Consistency & Consensus

Distributed systems fundamentals from DDIA Chapter 9

📚 Designing Data-Intensive Applications - Martin Kleppmann

The Core Problem

In a distributed system, nodes can fail, networks can partition, and messages can be delayed or lost. Despite this, we often need nodes to agree on something — which node is the leader, whether a transaction should commit, or what value to store.

        Consensus is the problem of getting multiple nodes to agree on a single value, 
        even when some nodes fail or messages are lost.
      

This is harder than it sounds. The FLP impossibility result proves that no deterministic consensus algorithm can guarantee progress in an asynchronous system where even one node can crash.

Consistency Models

Linearizability (Strong Consistency)

The strongest single-object consistency model. Once a write completes, all subsequent reads must see that value or a later one. The system behaves as if there's only one copy of the data.

          Intuition: If operation A completes before operation B starts (in real time), 
          then A must appear before B in the total order.
        

// Linearizable behavior
Client 1: write(x, 1) ────────────────►
Client 2:              read(x) → 1 ───►
Client 3:                     read(x) → 1 (must see 1, not old value)

Cost: Requires coordination. In the presence of network partitions, you must choose between availability and linearizability (CAP theorem).

Use cases: Leader election, distributed locks, unique constraints.

Sequential Consistency

All operations appear in some sequential order that's consistent with the program order of each client. But this order doesn't have to match real-time order.

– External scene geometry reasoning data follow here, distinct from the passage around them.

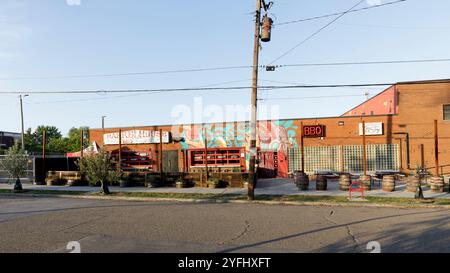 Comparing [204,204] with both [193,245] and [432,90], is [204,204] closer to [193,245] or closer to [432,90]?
[193,245]

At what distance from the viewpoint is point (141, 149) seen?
30.0m

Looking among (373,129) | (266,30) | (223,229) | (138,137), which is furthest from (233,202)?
(138,137)

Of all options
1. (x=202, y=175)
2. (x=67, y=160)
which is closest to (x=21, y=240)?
(x=202, y=175)

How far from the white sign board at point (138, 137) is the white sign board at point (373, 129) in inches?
683

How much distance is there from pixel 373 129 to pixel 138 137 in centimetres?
2153

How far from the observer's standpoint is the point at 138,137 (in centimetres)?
2997

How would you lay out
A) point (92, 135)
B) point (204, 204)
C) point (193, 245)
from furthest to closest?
point (92, 135)
point (204, 204)
point (193, 245)

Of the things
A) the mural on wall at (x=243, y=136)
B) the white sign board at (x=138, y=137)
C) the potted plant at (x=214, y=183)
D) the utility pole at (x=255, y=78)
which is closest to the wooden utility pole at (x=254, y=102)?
the utility pole at (x=255, y=78)

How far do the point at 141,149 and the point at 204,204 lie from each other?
1749 centimetres

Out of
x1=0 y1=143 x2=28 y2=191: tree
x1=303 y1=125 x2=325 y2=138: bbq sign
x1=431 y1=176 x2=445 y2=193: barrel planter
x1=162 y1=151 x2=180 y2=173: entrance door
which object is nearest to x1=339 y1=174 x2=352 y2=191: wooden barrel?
x1=431 y1=176 x2=445 y2=193: barrel planter

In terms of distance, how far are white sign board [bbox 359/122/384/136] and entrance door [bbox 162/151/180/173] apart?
16.7 meters

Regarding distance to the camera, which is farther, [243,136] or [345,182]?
[243,136]

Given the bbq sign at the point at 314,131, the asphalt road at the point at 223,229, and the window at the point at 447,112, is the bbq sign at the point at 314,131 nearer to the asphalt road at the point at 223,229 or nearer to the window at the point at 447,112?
the window at the point at 447,112

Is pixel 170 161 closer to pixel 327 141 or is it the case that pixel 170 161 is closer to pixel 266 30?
pixel 327 141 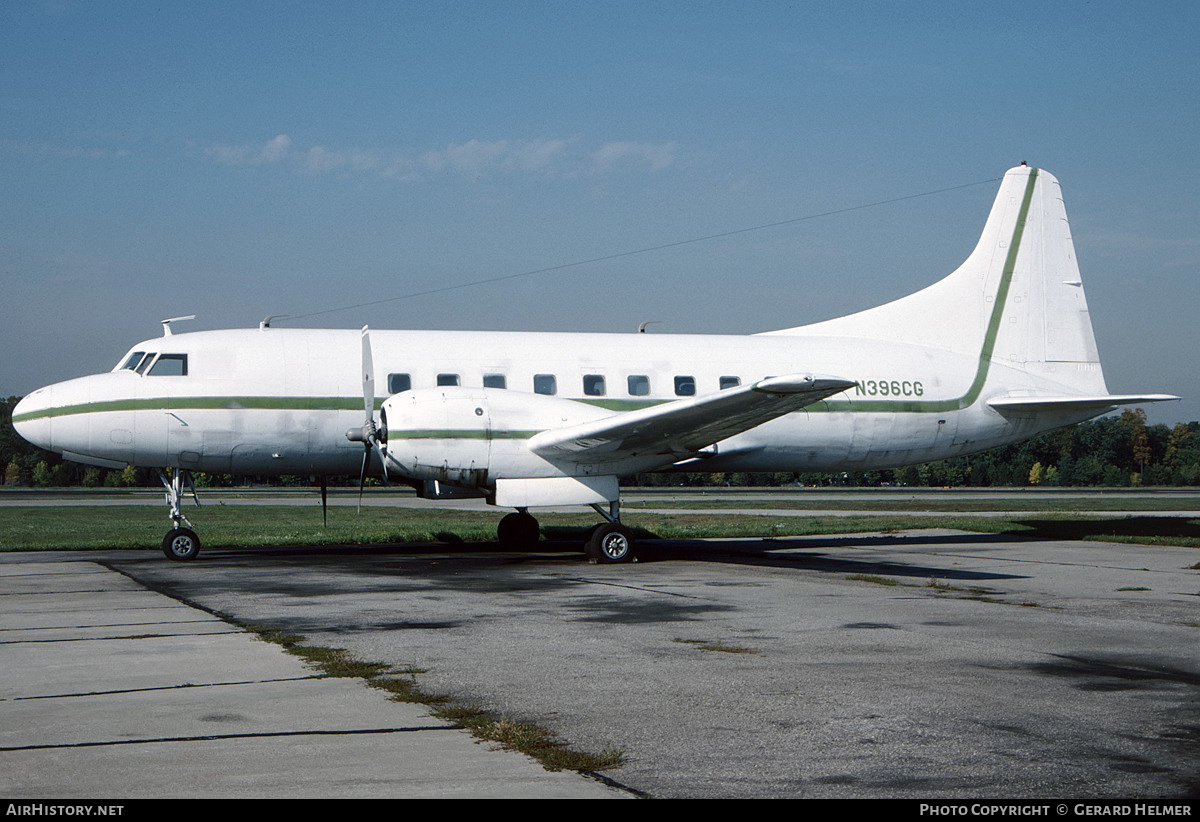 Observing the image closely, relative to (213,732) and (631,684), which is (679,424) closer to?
(631,684)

          Key difference from linearizability: A read might return a "stale" value 
          even after a write has completed, as long as the overall order is consistent.
        

// Sequentially consistent (but not linearizable)
Client 1: write(x, 1) at T=0
Client 2: read(x) → 0 at T=1  // OK! Can still see old value
Client 2: read(x) → 1 at T=2  // Once you see 1, can't go back to 0

Causal Consistency

Operations that are causally related must be seen in the same order by all nodes. Concurrent operations (no causal relationship) can be seen in different orders.

          Causality: If A "happened before" B (A→B), then everyone must see A before B. 
          But if A and B are concurrent, different nodes can disagree on their order.
        

// Causal relationship
Alice: post("Hello")           // A
Bob:   read(Alice's post)      // B (B depends on A)
Bob:   reply("Hi Alice!")      // C (C depends on B, transitively on A)

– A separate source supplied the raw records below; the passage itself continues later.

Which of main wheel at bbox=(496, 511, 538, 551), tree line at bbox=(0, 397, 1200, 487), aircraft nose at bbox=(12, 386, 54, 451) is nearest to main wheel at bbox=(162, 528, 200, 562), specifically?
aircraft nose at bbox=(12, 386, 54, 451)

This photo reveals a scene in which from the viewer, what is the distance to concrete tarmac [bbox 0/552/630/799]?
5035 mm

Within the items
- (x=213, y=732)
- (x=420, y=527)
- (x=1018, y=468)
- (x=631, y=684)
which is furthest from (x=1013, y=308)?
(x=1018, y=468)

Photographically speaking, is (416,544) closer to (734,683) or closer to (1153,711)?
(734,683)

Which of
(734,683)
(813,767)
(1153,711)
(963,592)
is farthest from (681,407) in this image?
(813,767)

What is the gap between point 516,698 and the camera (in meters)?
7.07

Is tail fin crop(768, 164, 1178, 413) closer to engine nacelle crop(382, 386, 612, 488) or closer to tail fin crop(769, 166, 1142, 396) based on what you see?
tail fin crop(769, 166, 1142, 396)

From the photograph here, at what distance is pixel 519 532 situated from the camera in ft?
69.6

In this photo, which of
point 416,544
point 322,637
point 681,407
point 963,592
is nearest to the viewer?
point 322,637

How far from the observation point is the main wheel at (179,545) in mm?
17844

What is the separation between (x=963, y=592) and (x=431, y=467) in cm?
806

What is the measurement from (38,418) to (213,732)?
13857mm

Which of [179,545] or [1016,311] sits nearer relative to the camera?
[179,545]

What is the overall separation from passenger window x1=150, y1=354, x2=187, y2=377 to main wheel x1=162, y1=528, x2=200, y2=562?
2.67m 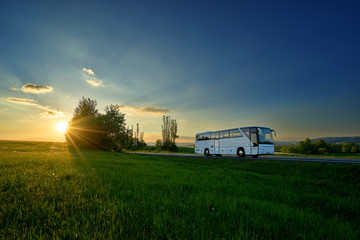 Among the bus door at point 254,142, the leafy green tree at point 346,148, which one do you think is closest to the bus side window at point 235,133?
the bus door at point 254,142

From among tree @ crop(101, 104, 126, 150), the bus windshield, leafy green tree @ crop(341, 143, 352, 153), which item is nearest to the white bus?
the bus windshield

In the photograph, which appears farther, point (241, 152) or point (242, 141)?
point (241, 152)

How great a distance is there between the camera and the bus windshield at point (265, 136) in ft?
70.7

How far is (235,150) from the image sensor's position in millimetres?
24547

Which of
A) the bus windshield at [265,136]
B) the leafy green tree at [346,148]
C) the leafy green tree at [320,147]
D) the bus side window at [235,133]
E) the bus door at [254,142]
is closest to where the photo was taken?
the bus door at [254,142]

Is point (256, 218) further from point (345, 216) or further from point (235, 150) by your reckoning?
point (235, 150)

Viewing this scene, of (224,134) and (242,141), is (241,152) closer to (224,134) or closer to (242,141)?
(242,141)

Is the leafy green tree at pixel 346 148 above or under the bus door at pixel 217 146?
under

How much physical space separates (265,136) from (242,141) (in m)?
3.02

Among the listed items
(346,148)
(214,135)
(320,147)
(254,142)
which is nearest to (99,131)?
(214,135)

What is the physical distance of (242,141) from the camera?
76.3 feet

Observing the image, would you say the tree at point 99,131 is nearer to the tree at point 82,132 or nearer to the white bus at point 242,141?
the tree at point 82,132

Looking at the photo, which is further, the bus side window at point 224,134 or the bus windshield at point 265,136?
the bus side window at point 224,134

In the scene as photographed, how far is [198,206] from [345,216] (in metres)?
3.89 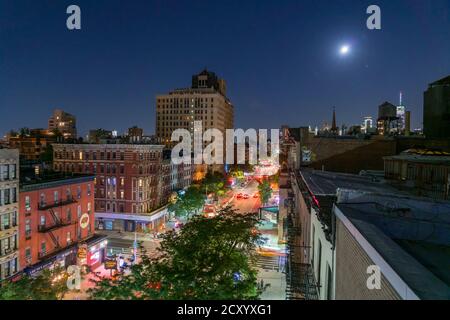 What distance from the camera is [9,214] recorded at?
27141mm

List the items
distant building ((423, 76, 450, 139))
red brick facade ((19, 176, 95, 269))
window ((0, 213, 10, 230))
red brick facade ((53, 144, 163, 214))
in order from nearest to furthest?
window ((0, 213, 10, 230)), red brick facade ((19, 176, 95, 269)), distant building ((423, 76, 450, 139)), red brick facade ((53, 144, 163, 214))

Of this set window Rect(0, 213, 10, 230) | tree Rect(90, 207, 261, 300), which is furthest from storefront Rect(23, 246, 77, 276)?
tree Rect(90, 207, 261, 300)

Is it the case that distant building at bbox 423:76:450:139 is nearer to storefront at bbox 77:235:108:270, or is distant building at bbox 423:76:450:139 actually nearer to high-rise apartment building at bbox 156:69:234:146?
storefront at bbox 77:235:108:270

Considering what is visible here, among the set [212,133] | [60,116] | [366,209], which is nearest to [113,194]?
[366,209]

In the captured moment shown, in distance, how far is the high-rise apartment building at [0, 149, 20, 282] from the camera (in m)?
26.3

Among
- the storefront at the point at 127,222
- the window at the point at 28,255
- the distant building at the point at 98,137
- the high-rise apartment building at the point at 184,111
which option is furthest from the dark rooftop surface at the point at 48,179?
the high-rise apartment building at the point at 184,111

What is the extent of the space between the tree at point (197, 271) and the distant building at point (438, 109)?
30812 millimetres

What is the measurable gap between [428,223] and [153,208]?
4867cm

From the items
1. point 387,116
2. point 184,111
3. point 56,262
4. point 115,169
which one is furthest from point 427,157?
point 184,111

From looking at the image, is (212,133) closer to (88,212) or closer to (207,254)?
(88,212)

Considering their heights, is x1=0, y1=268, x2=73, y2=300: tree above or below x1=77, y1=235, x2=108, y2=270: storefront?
above

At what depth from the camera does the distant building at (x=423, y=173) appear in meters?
17.3

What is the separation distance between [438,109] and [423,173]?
24353 millimetres

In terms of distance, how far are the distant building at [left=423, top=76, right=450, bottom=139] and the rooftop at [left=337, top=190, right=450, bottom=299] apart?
3205 centimetres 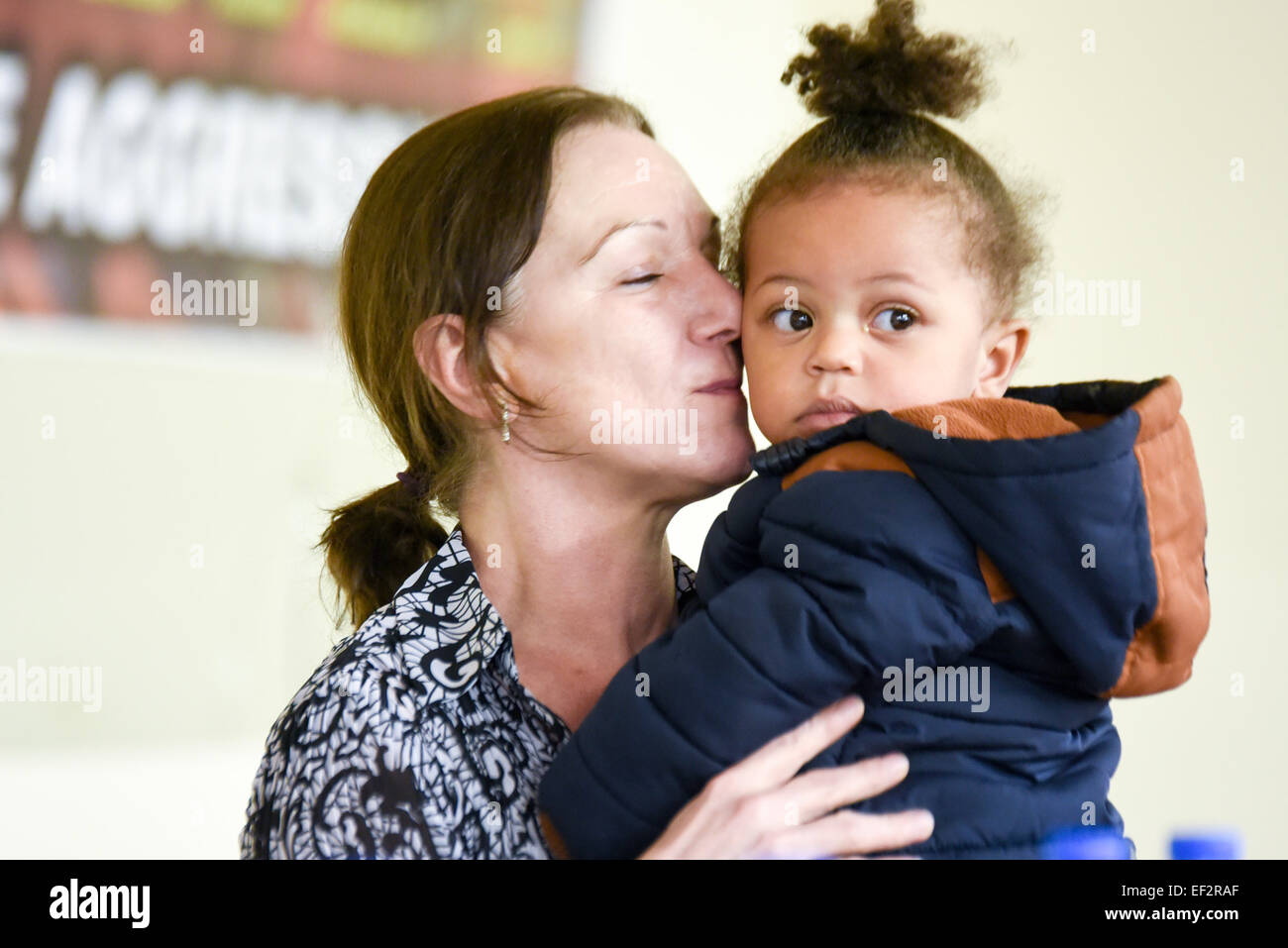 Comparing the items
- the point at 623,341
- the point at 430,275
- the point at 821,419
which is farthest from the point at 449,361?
the point at 821,419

Everyone must see: A → B → C
But concurrent posts from Carol can appear anywhere.

Advantage: Can be implemented without global coordination, better availability.

Eventual Consistency

The weakest useful guarantee. If no new updates are made, eventually all replicas will converge to the same value. No guarantees about when or what you'll read in the meantime.

          Warning: "Eventual" could mean seconds, minutes, or hours. The system 
          provides no bound. You might read arbitrarily stale data.
        

// Eventually consistent
write(x, 1) to node A
read(x) from node B → might return old value
... time passes, replication happens ...
read(x) from node B → eventually returns 1

Use cases: DNS, caches, social media feeds (where staleness is acceptable).

Consensus Algorithms

What Consensus Must Achieve

Agreement: All non-faulty nodes decide on the same value
Validity: The decided value was proposed by some node
Termination: All non-faulty nodes eventually decide
Integrity: Each node decides at most once

Interactive: Raft Leader Election

Click nodes to simulate failures. Watch how the cluster elects a new leader.

N1 Leader

N2 Follower

N3 Follower

N4 Follower

N5 Follower

Cluster initialized with N1 as leader (term 1)

Raft vs Paxos vs Zab

Algorithm	Used By	Key Idea
Paxos	Chubby, Spanner	Two-phase: prepare/accept. Notoriously hard to understand.
Raft	etcd, Consul, CockroachDB	Leader-based. Designed for understandability. Log replication.
Zab	ZooKeeper	Similar to Raft but predates it. Atomic broadcast.
Viewstamped Replication	Academic	Predecessor to Raft. View changes for leader election.

Two-Phase Commit (2PC)

A protocol for atomic commits across multiple nodes. Either all nodes commit, or all abort.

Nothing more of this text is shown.